- Waxpool Waxpool Waxpool
- Coordinates: 39°0′50″N 77°31′26″W﻿ / ﻿39.01389°N 77.52389°W
- Country: United States
- State: Virginia
- County: Loudoun
- Time zone: UTC−5 (Eastern (EST))
- • Summer (DST): UTC−4 (EDT)

= Waxpool, Virginia =

Unincorporated community in Virginia, United States

Waxpool is an unincorporated community in Loudoun County, Virginia, United States. Waxpool is centered on Waxpool Road (Virginia Secondary Route 625) in the vicinity of Beaver Dam Reservoir and is part of the Broadlands census-designated place.

Waxpool once contained a general store and post office in one building near the intersection of Waxpool Road (Rte. 625) and Belmont Ridge Rd (Rte. 659). The store and was reportedly opened in 1947. The post office was reportedly opened in 1953. Both the store and post office continued operation until 1966.

Waxpool currently contains William D. Parsell Field, baseball field. Formerly named "Waxpool Baseball Field", it is currently named for the former owner and lessor of the field to Dulles Little League for use of the Waxpool Mustangs and Waxpool Orioles from the early 1970s through the early 1990s.

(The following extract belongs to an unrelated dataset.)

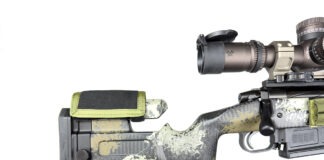 DIY Rifle Stock Upgrades: Something Old, Something New Rifle-Stock-Upgrades-5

Waxpool's name was derived from the fact that much of the local soil is Iredell clay loam, known locally as "wax land" from the waxy nature of the subsoil.

Waxpool contained three dairy farms in the 1970s. Two of them were separately purchased and zoned for planned community development in the 1990s. One farm currently remains, located near the intersection of Waxpool Road (Rte. 625) and Belmont Ridge Rd (Rte. 659).